What is expected: Any picture in the data below gets skipped; print all the rest exactly.

Supplied information:
────────────────

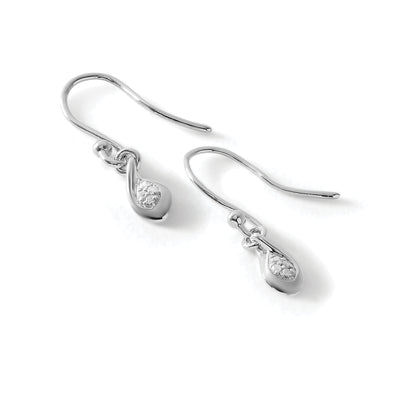 White Ice Sterling Silver Rhodium-plated Diamond Shepherd Hook Dangle Earrings, 25 x 6mm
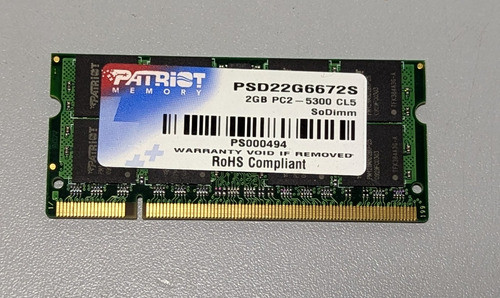 Memoria Ram Patriot Ddr2 De 2gb Para Notebook 0
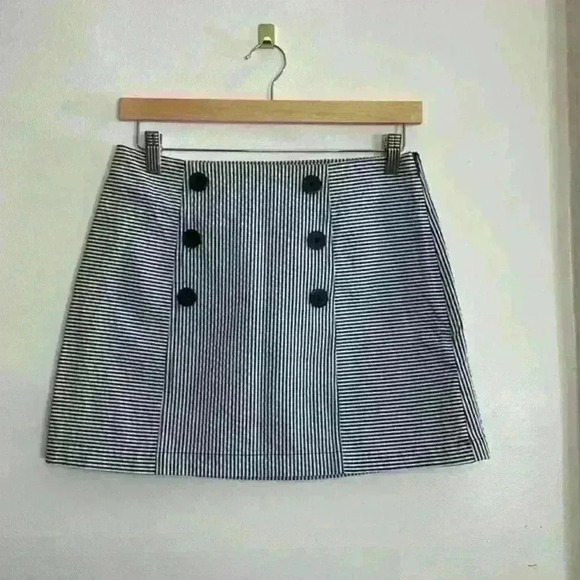 Urban Outfitters Women's‎ Medium Saliorette Striped Mini Skirt Navy Blue White - Picture 1 of 9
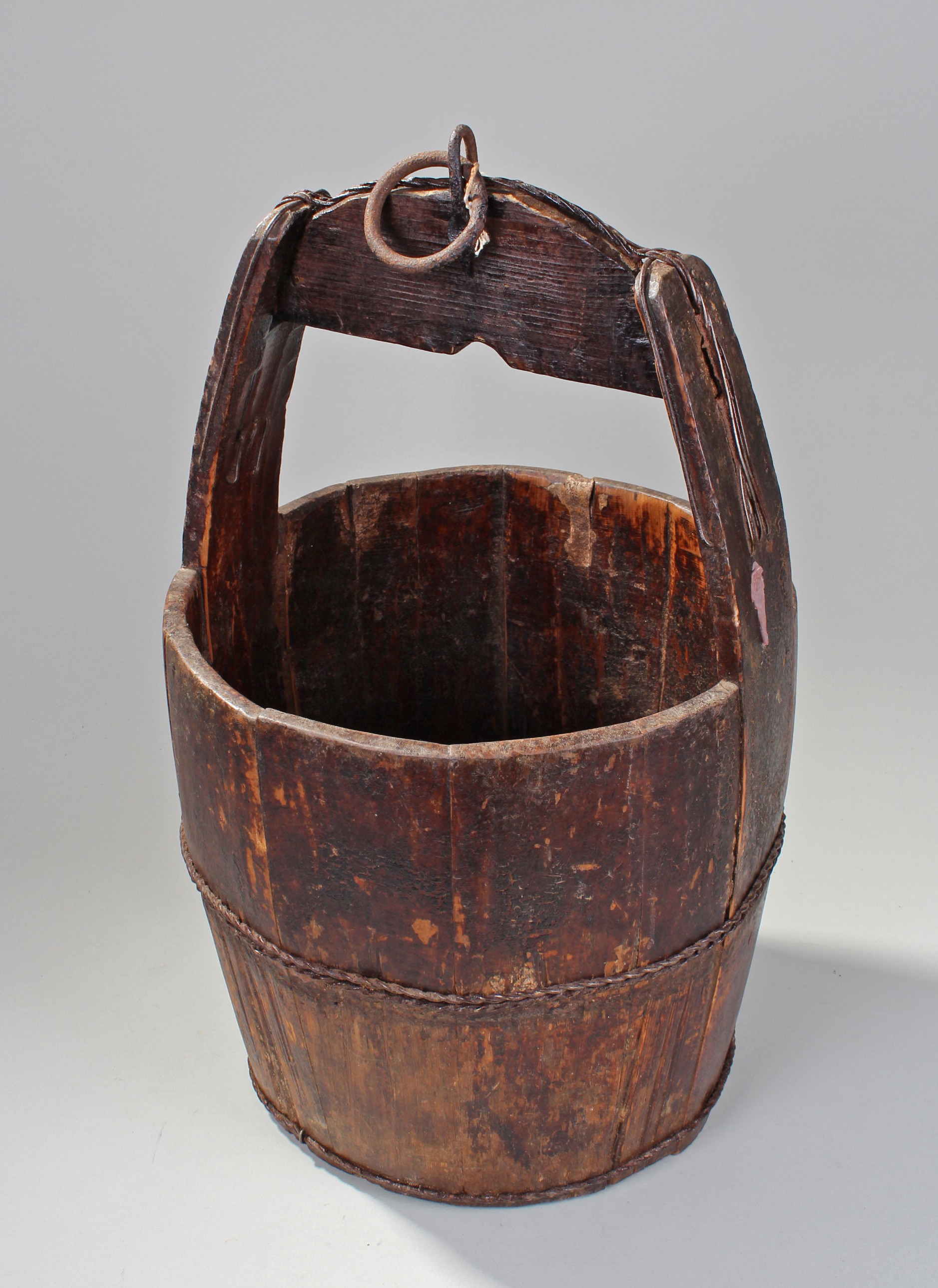 Rustic wooden well bucket, the solid wooden handle with iron loop, 55cm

────────────────

Output for this task:
 White Ice Sterling Silver Rhodium-plated Diamond Shepherd Hook Dangle Earrings, 25 x 6mm
 Memoria Ram Patriot Ddr2 De 2gb Para Notebook 0
 Urban Outfitters Women's‎ Medium Saliorette Striped Mini Skirt Navy Blue White - Picture 1 of 9
 Rustic wooden well bucket, the solid wooden handle with iron loop, 55cm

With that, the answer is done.